* [INFORMATION SHOWN]
· · · · ·

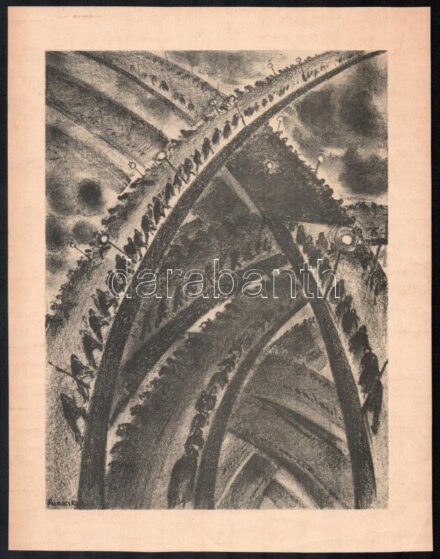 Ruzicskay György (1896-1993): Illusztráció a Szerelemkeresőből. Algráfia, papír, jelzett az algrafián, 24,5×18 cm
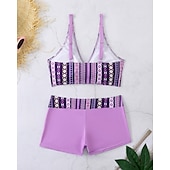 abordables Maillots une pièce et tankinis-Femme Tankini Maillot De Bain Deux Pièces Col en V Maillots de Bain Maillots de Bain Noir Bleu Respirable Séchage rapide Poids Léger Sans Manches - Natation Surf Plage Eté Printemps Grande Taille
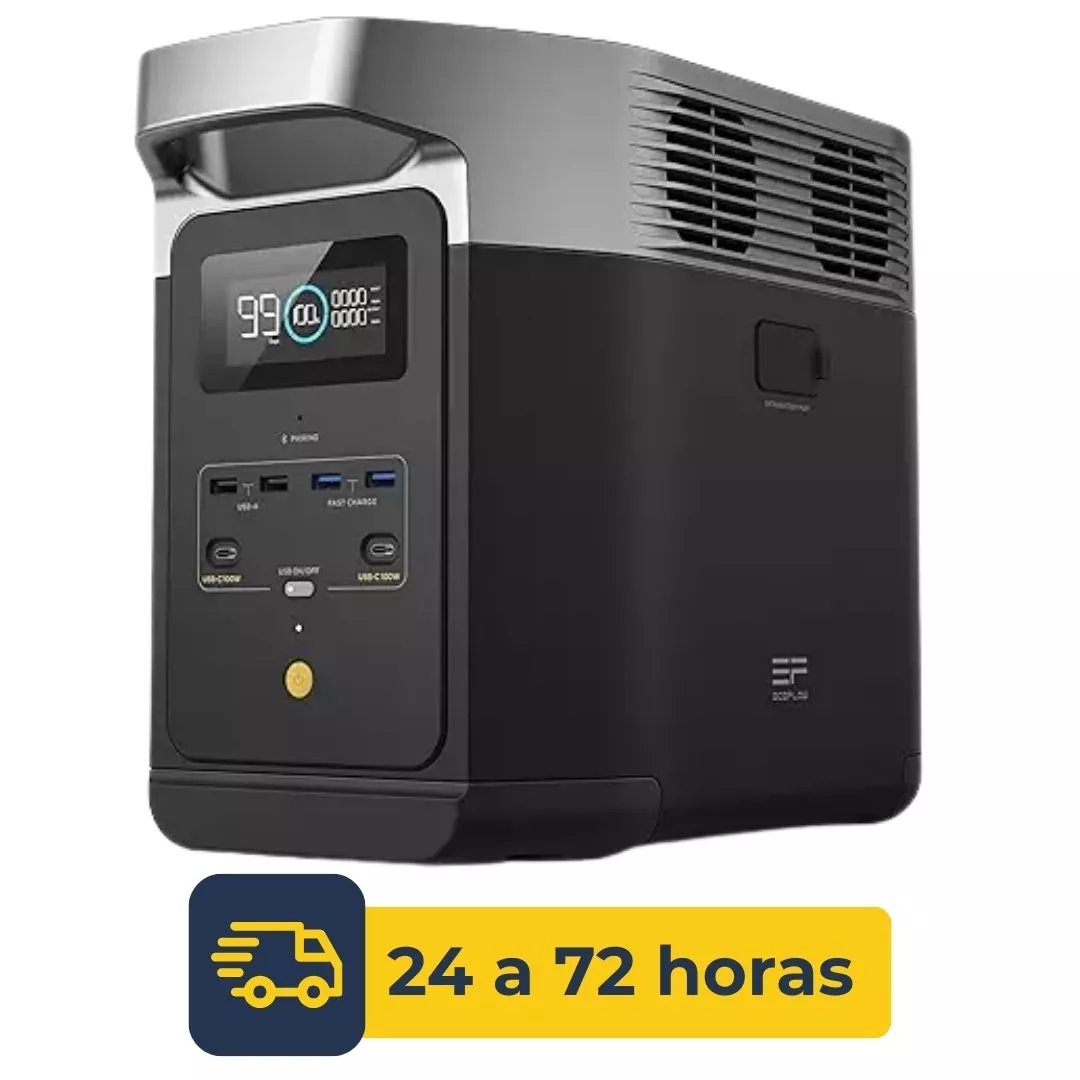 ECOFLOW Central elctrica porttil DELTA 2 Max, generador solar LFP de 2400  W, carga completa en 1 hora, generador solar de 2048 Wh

· · · · ·

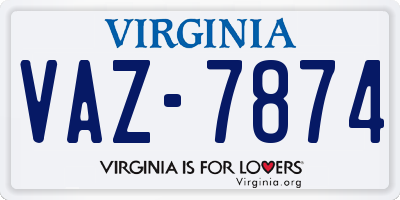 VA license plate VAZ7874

· · · · ·

* [EXERCISE PROMPT]
The reply should hold exactly the lines above, starting at the line with "Ruzicskay György (1896-1993): Illusztráció" and ending at the line with "abordables Maillots une", and no pictures.

* [WRITTEN RESPONSE]
 Ruzicskay György (1896-1993): Illusztráció a Szerelemkeresőből. Algráfia, papír, jelzett az algrafián, 24,5×18 cm
 abordables Maillots une pièce et tankinis-Femme Tankini Maillot De Bain Deux Pièces Col en V Maillots de Bain Maillots de Bain Noir Bleu Respirable Séchage rapide Poids Léger Sans Manches - Natation Surf Plage Eté Printemps Grande Taille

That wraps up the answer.